__TASK DIRECTIONS__:
Omitting all images, transcribe the entries word for word.

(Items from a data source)
------------

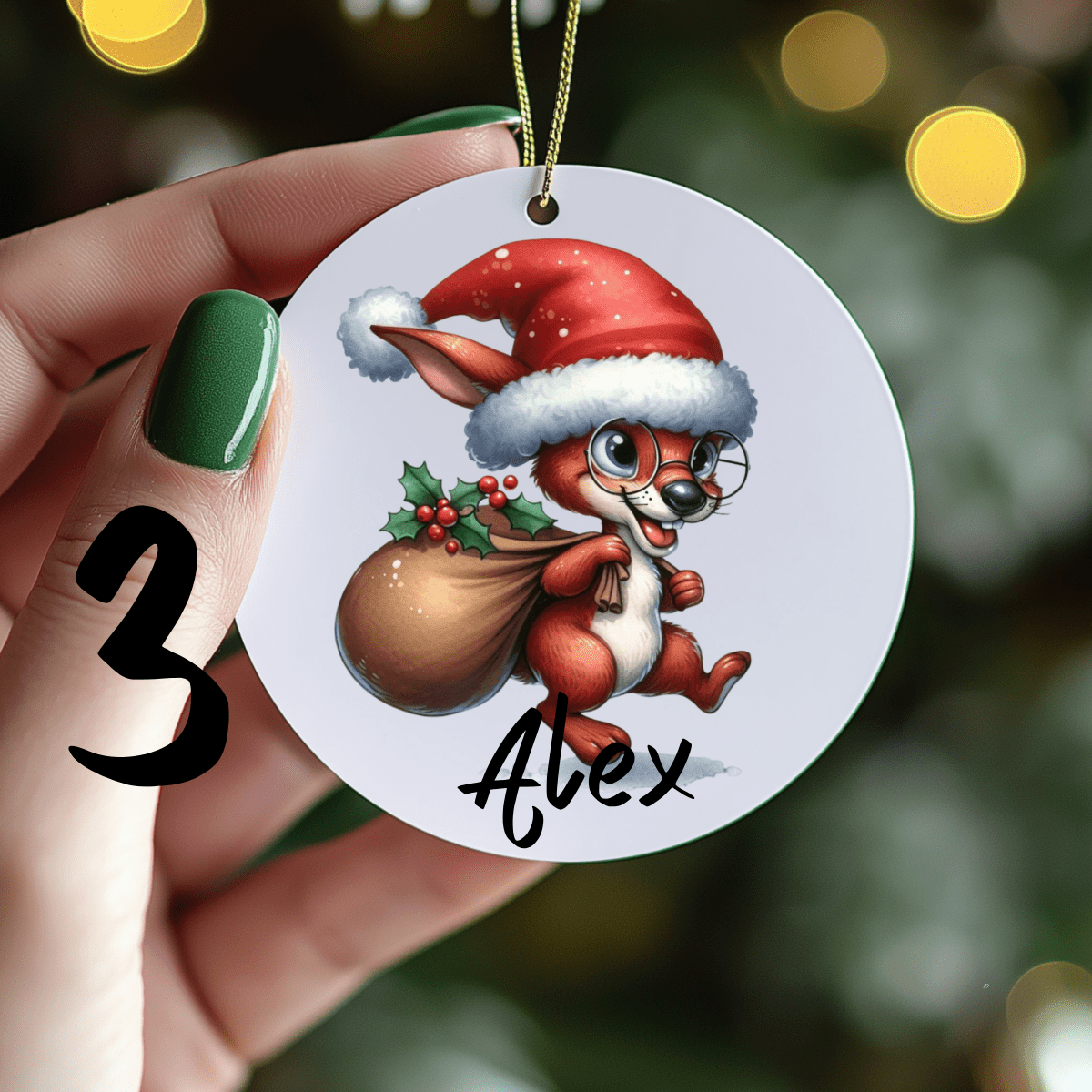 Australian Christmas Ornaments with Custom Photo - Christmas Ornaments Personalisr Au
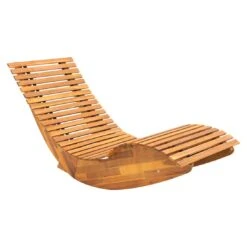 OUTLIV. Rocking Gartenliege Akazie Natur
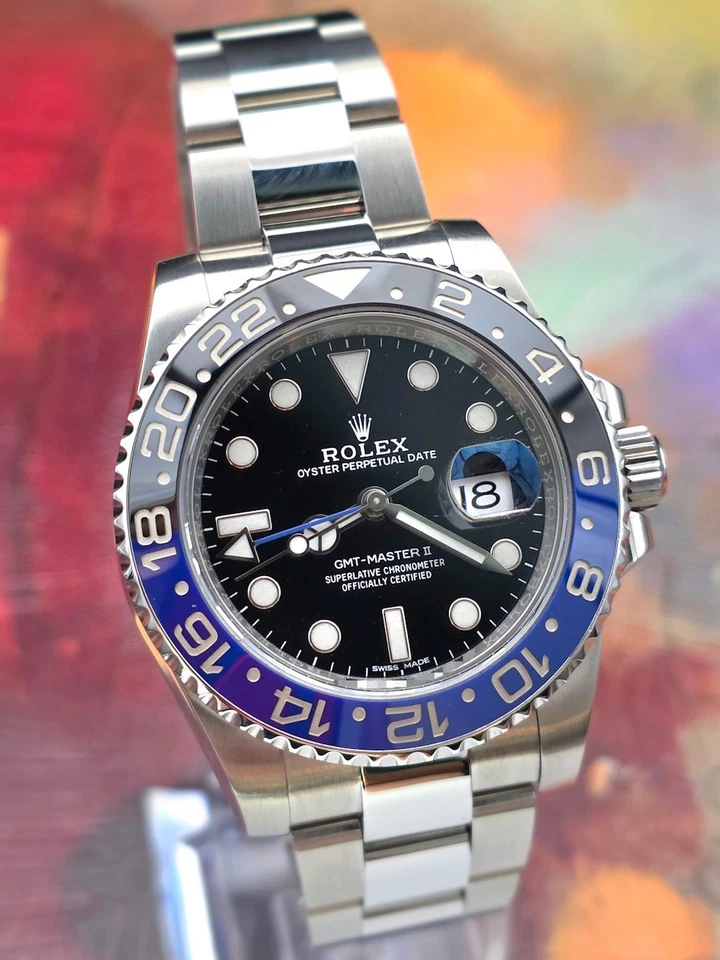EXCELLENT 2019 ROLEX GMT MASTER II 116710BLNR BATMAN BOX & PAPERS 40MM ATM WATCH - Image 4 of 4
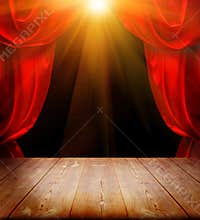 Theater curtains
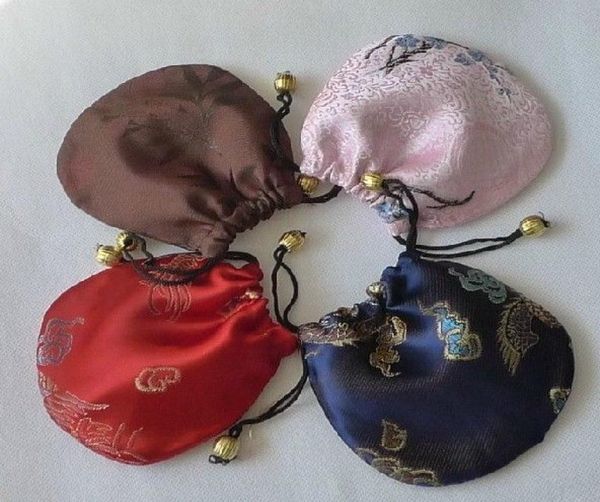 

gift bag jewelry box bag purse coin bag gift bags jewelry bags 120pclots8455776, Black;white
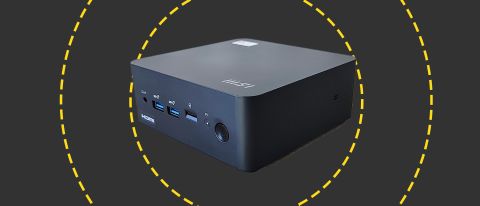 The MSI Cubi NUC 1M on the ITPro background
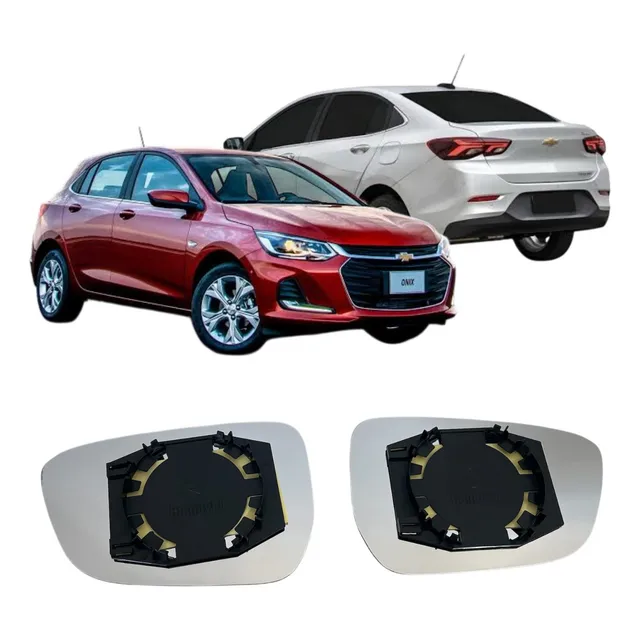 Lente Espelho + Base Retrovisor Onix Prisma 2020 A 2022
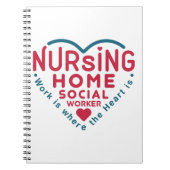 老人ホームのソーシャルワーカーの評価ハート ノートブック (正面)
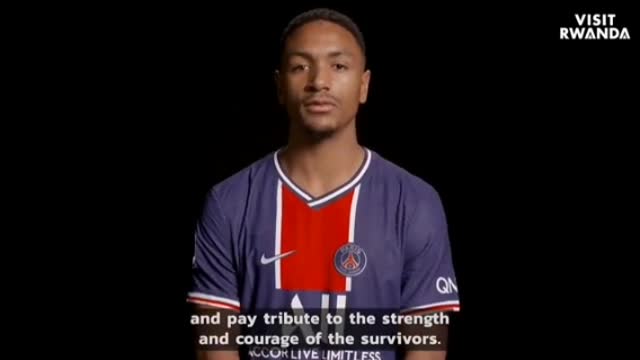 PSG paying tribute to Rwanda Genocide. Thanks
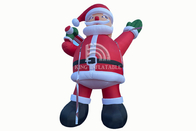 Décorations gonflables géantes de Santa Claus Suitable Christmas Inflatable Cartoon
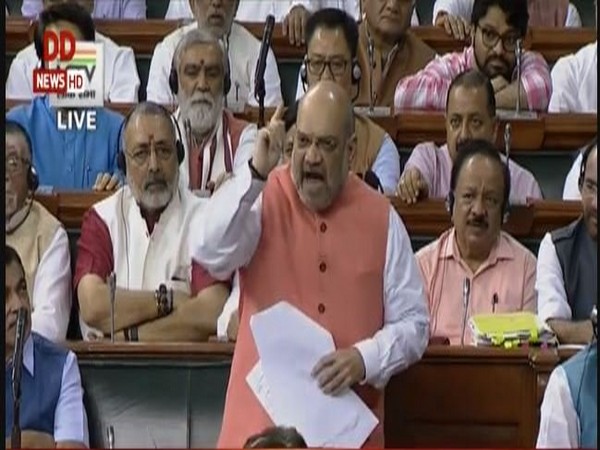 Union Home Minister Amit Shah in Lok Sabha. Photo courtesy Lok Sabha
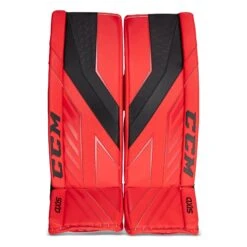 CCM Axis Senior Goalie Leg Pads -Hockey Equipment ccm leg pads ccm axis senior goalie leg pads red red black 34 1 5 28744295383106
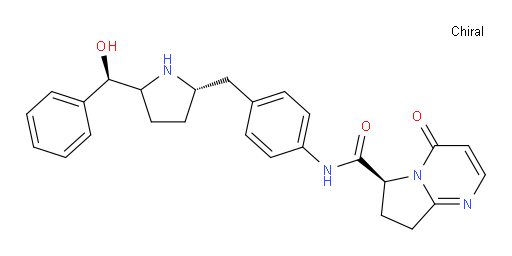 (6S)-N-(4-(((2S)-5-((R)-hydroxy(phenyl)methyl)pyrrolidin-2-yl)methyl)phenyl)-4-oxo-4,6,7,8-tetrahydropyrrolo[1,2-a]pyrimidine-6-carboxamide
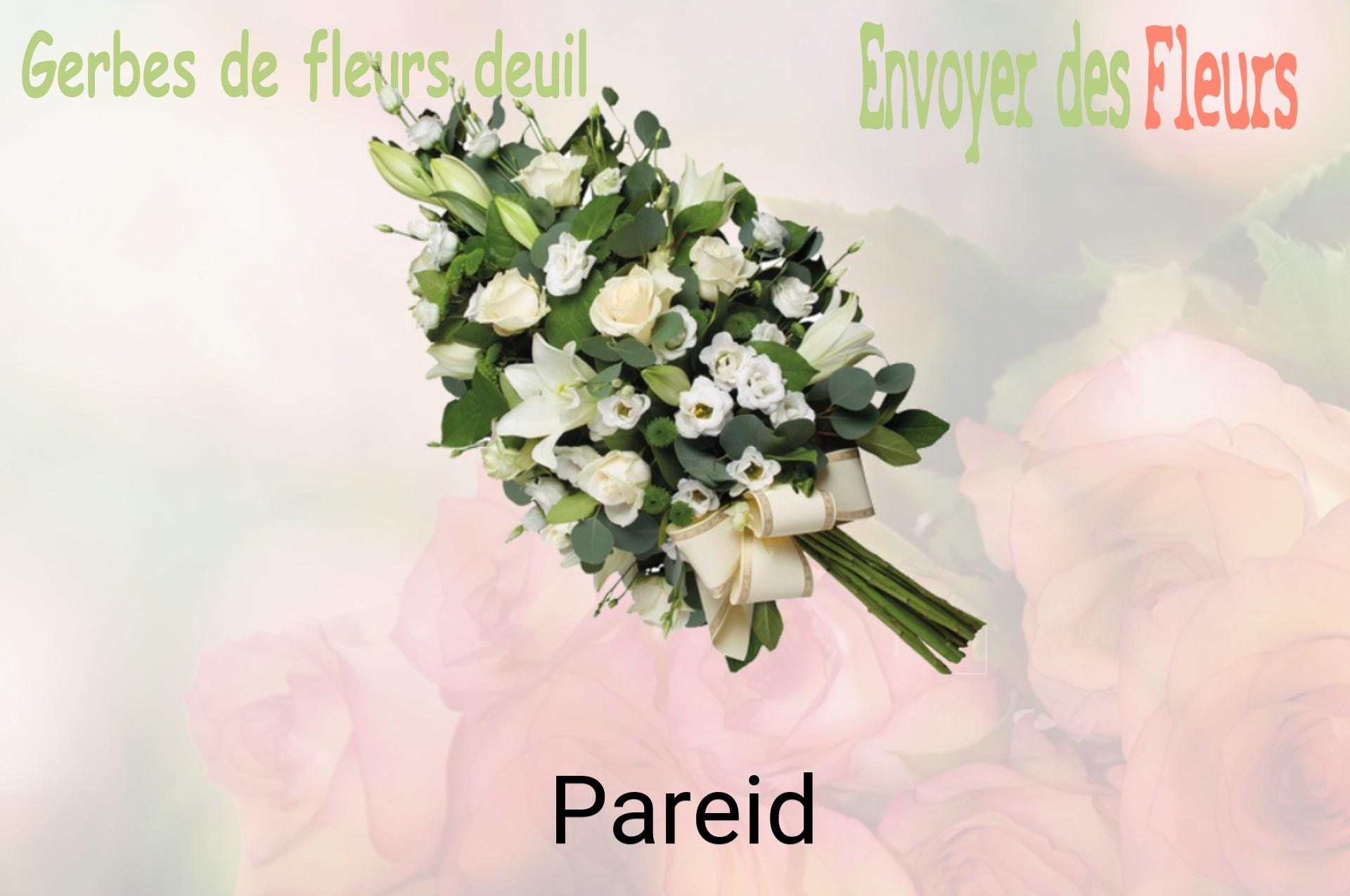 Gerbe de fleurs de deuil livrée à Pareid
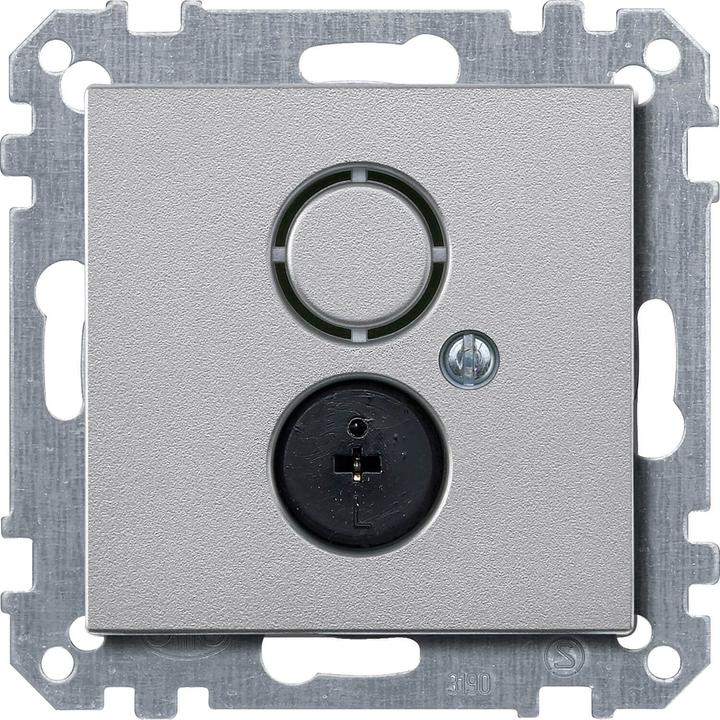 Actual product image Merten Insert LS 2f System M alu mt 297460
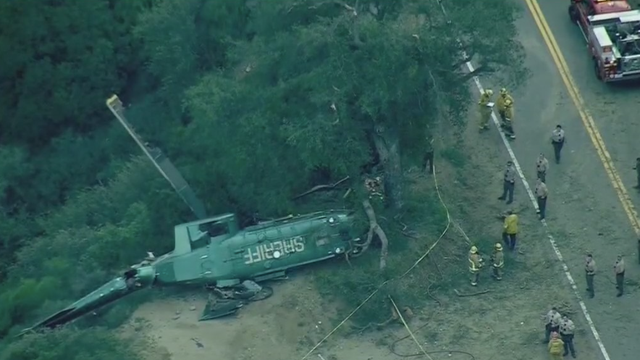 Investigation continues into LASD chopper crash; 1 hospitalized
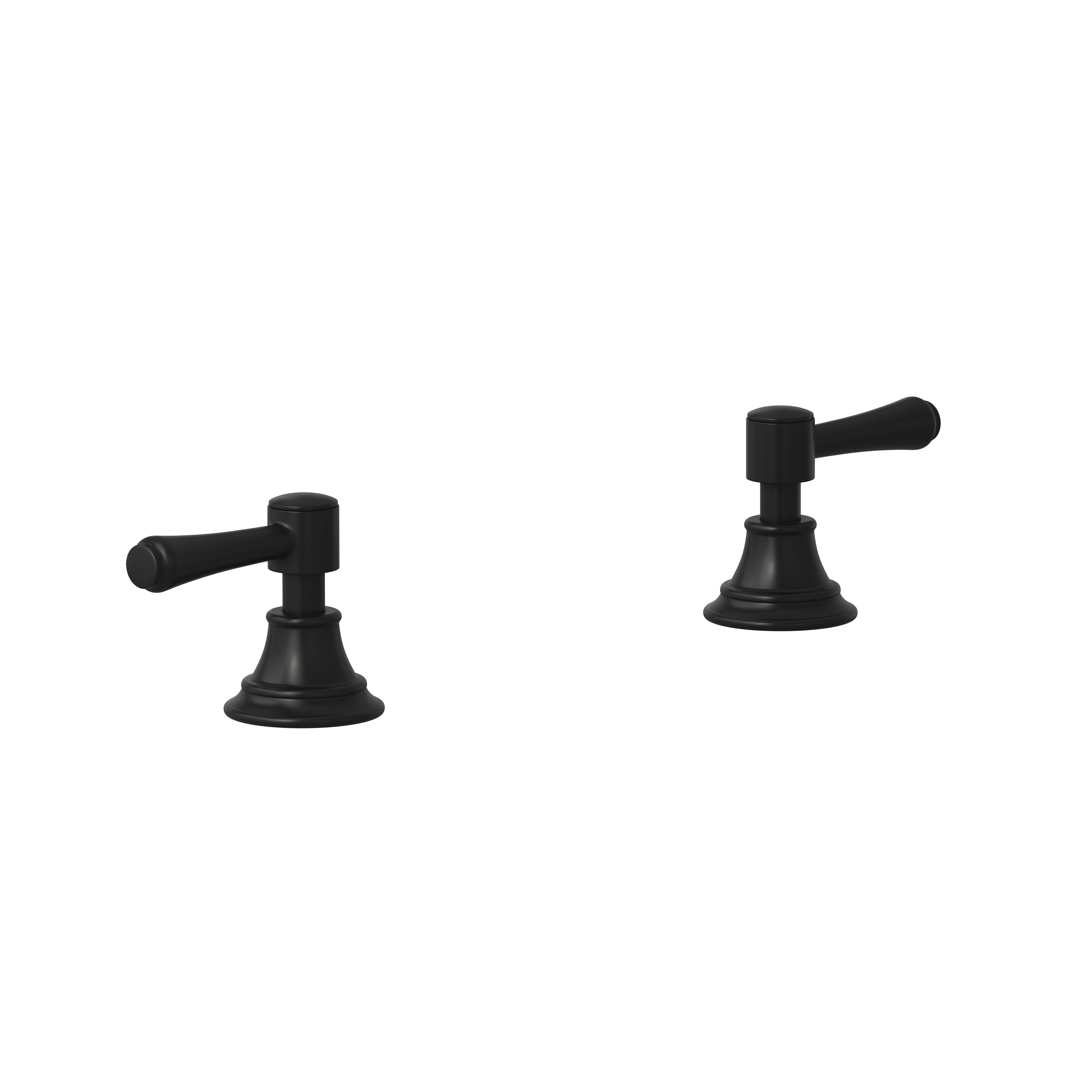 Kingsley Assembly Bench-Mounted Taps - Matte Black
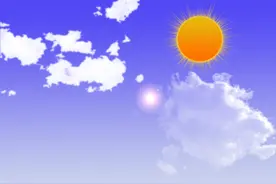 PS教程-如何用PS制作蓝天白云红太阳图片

------------

__ANSWER BOX__:
 Australian Christmas Ornaments with Custom Photo - Christmas Ornaments Personalisr Au
 OUTLIV. Rocking Gartenliege Akazie Natur
EXCELLENT 2019 ROLEX GMT MASTER II 116710BLNR BATMAN BOX & PAPERS 40MM ATM WATCH - Image 4 of 4
 Theater curtains

gift bag jewelry box bag purse coin bag gift bags jewelry bags 120pclots8455776, Black;white
 The MSI Cubi NUC 1M on the ITPro background
 Lente Espelho + Base Retrovisor Onix Prisma 2020 A 2022
 老人ホームのソーシャルワーカーの評価ハート ノートブック (正面)
 PSG paying tribute to Rwanda Genocide. Thanks
 Décorations gonflables géantes de Santa Claus Suitable Christmas Inflatable Cartoon
 Union Home Minister Amit Shah in Lok Sabha. Photo courtesy Lok Sabha
 CCM Axis Senior Goalie Leg Pads -Hockey Equipment ccm leg pads ccm axis senior goalie leg pads red red black 34 1 5 28744295383106
 (6S)-N-(4-(((2S)-5-((R)-hydroxy(phenyl)methyl)pyrrolidin-2-yl)methyl)phenyl)-4-oxo-4,6,7,8-tetrahydropyrrolo[1,2-a]pyrimidine-6-carboxamide
 Gerbe de fleurs de deuil livrée à Pareid
 Actual product image Merten Insert LS 2f System M alu mt 297460
 Investigation continues into LASD chopper crash; 1 hospitalized
 Kingsley Assembly Bench-Mounted Taps - Matte Black
 PS教程-如何用PS制作蓝天白云红太阳图片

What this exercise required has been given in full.